• [What you should do]:
Could you transcribe exactly the lines from the one containing "2 Bedroom Condo for Rent near IT Park Cebu" through the last line of the records below, leaving out the pictures?

• [Material shown]:
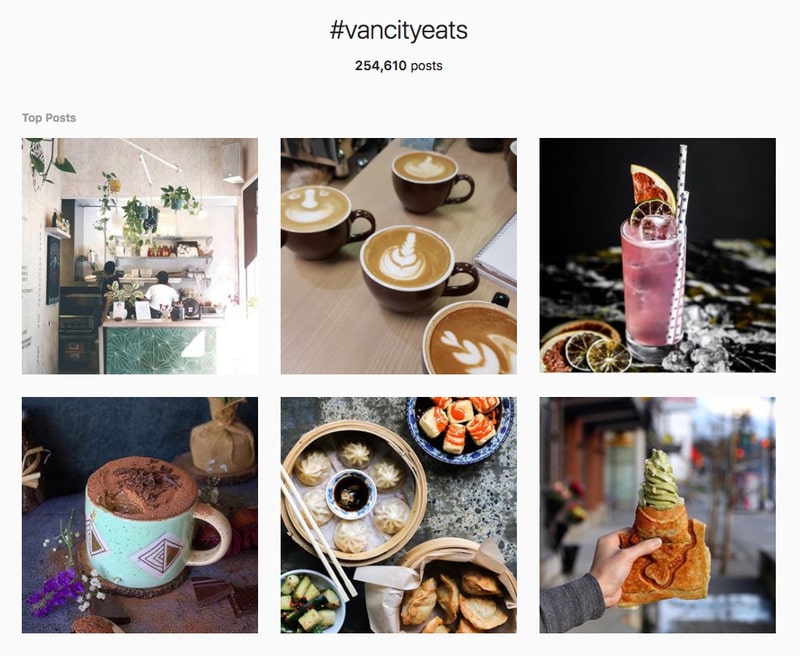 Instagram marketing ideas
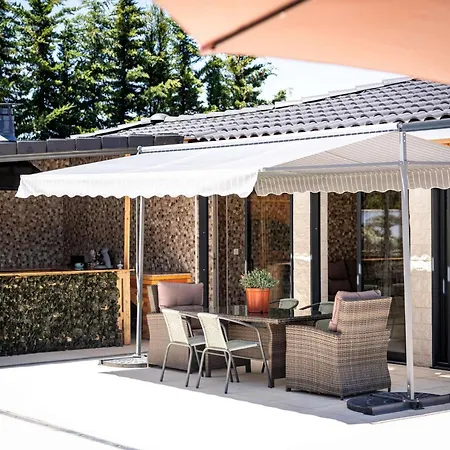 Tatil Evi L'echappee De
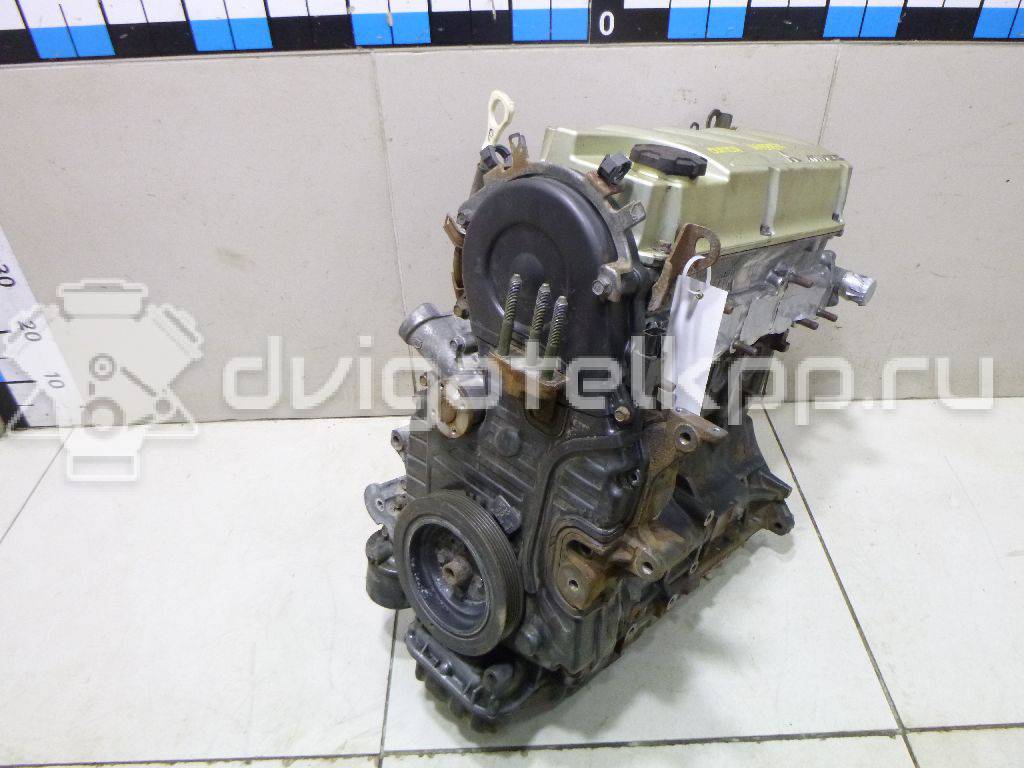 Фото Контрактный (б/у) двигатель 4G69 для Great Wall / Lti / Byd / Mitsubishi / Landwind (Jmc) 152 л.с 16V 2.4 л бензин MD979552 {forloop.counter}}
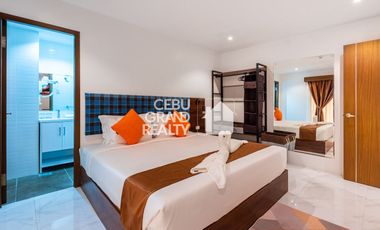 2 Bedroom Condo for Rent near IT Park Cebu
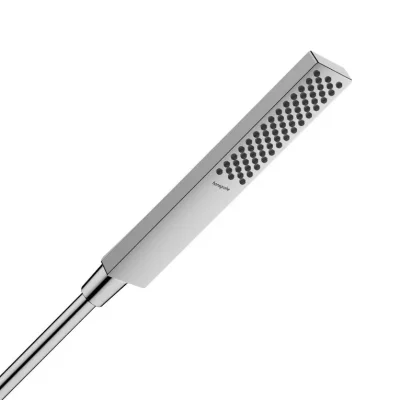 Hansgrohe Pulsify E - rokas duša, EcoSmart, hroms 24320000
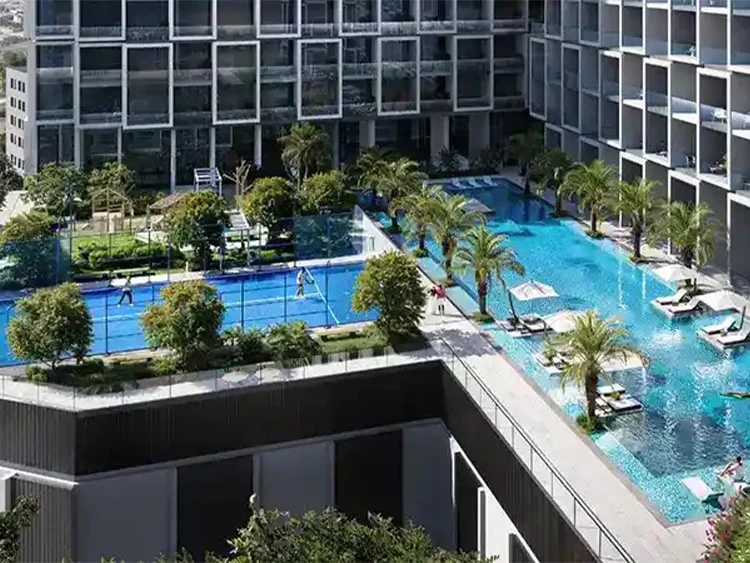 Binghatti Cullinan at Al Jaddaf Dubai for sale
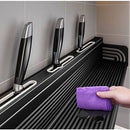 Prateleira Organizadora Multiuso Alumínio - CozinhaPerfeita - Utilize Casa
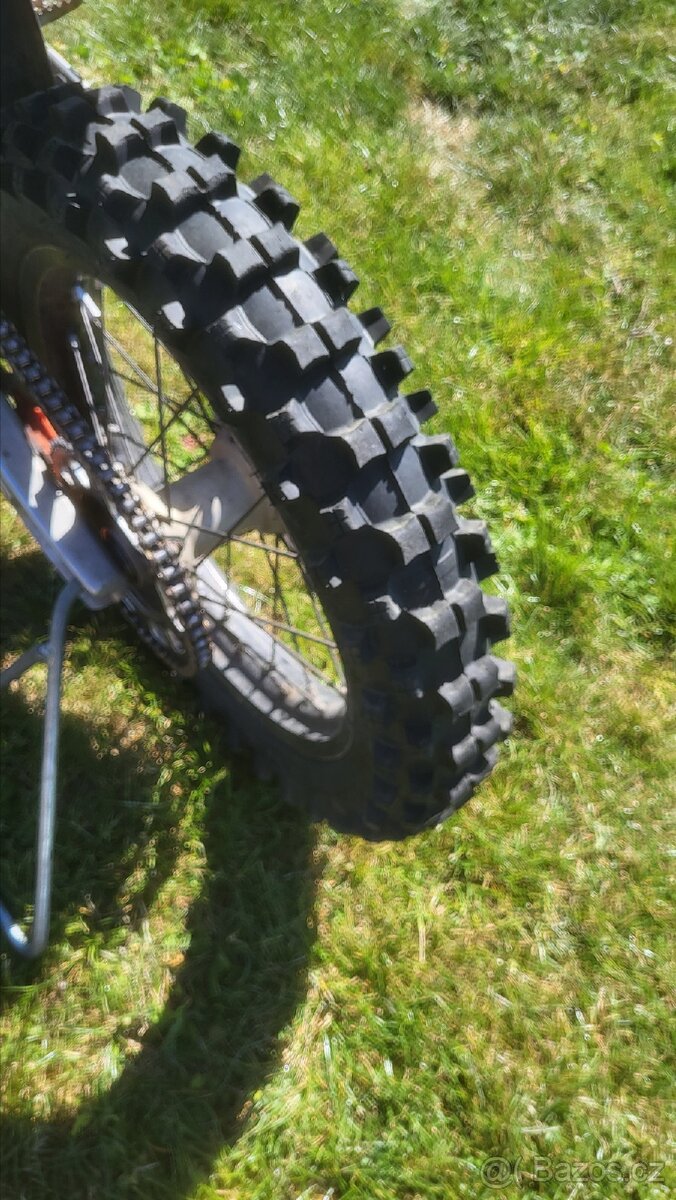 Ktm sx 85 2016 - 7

• [Result below]:
 2 Bedroom Condo for Rent near IT Park Cebu
 Hansgrohe Pulsify E - rokas duša, EcoSmart, hroms 24320000
 Binghatti Cullinan at Al Jaddaf Dubai for sale
 Prateleira Organizadora Multiuso Alumínio - CozinhaPerfeita - Utilize Casa
 Ktm sx 85 2016 - 7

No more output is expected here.